In contrast, Texas Central expects to create an average of 10,000 jobs during the four-year construction period of the rail line. It will maintain over 750 permanent jobs after opening.
The company will pay property taxes on the completed corridor and rolling stock, and sales taxes on tickets. By 2040, the high-speed rail system is projected to contribute over $3 billion in tax revenue to the state, schools, cities, counties and transit systems.
That’s a huge upside before factoring in the impact from adding giant rail stations in Dallas and Houston. The stations are expected to attract blocks of private development and rival the impact of the rail line itself, according to a 2015 study commissioned by Texas Central.
“This is like a giant gift from heaven, and Texas needs to welcome these people,” said Andy Kunz, CEO of the U.S. High Speed Rail Association. “They could’ve gone to California or Florida or Vegas. Or they could be asking for tax breaks and everything else.”
Instead of getting the red carpet, Texas Central is facing strong opposition from rural landowners and legislators, and top politicos are not quieting the dissent. Rural residents worry that the train will disrupt their way of life and not bring many economic benefits.
Last week, lawmakers in Austin filed over 20 bills aimed at derailing or delaying the project. The most threatening would prevent bullet train operators from using eminent domain. Without that tool, Texas Central probably couldn’t assemble the land needed for the 240-mile line.
Lawmakers criticized the project for having foreign partners and physically dividing the state. Texas Central is teaming with Central Japan Railway, which developed the technology for the Japanese Shinkansen bullet train. It’s also likely to pursue financing from the Japanese Bank for International Cooperation, a national development bank.
The Japanese are eager to export bullet train technology, and many countries are exploring high-speed rail systems. The Dallas-to-Houston route is an ideal demonstrator project.
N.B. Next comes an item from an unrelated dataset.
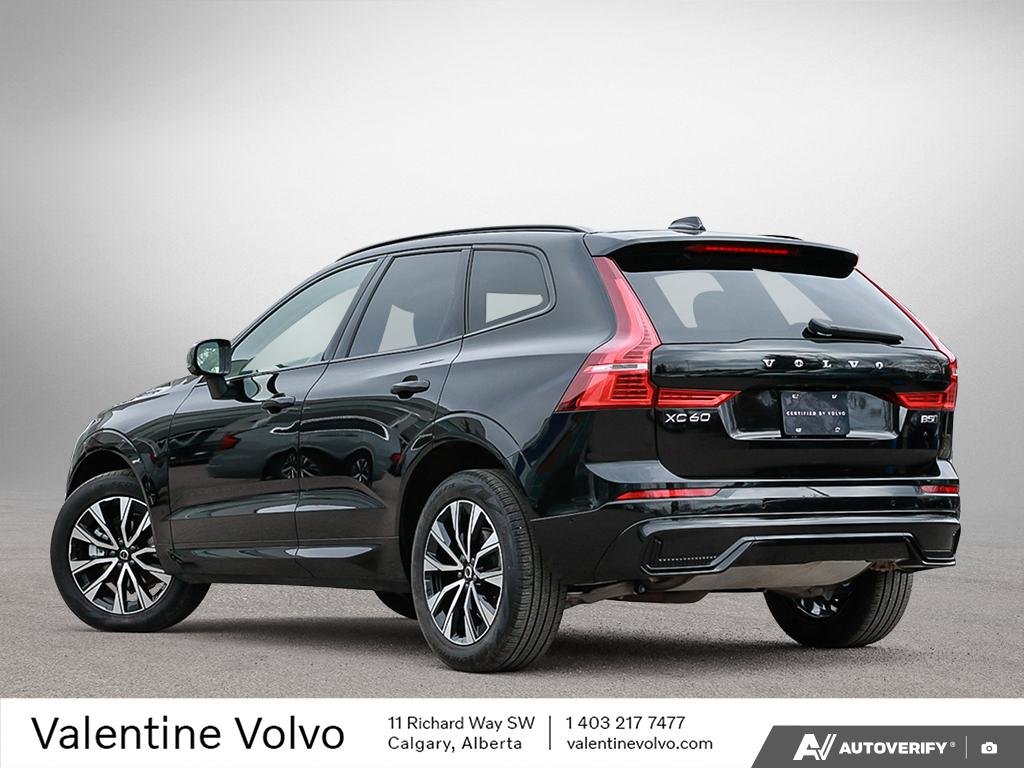 2025 Volvo XC60 Plus Dark Theme-3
It’s long enough to entice Texas drivers and short enough to compete with airlines for business travelers. The metro areas on both ends are among the largest and fastest-growing in the country, and the Texas terrain is well-suited to a line.
Texas stands to benefit in many ways. A stronger connection between Dallas and Houston would deepen economic ties and boost the state. The train would relieve traffic by attracting a projected 5 million riders a year by 2026. And Texas’ reputation would get a boost from having the first bullet train operating in North America.
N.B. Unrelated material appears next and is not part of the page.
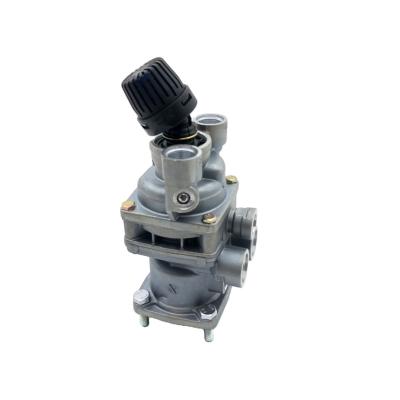 China High Quality European Trucks Foot Brake Valve OEM 4613192740 0044316205 0044314905 For MB-BENZ Truck Parts for sale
“This is groundbreaking and Texas is in the vanguard,” said state Rep. Jason Villalba, R-Dallas. “This is something we’ve got to support, even in the rural counties.”
The property taxes from high-speed rail would be a continuing revenue stream, and that would help rural areas along the route. It’s worth noting that other big projects often find ways to slip that tax burden, in part because Texas has such a high tax rate.
Professional sports stadiums are usually owned by cities and leased to the team, so no property taxes are due. When that approach won’t work, governments often use abatements and tax-rebate programs.
Toyota, which is building a large campus in Plano, will pay just half of its usual property tax for its first two decades there.
That’s in addition to the $40 million cash award that Toyota is slated to get from the state’s Texas Enterprise Fund. Plano also is throwing in $6.75 million in grants.
Toyota will add more direct jobs than the bullet train while Texas Central will spend more to build its system. But Texas doesn’t have to choose between Toyota or the bullet train because it could have both — and without putting a hit on taxpayers.
So why not give the company enough rope to succeed?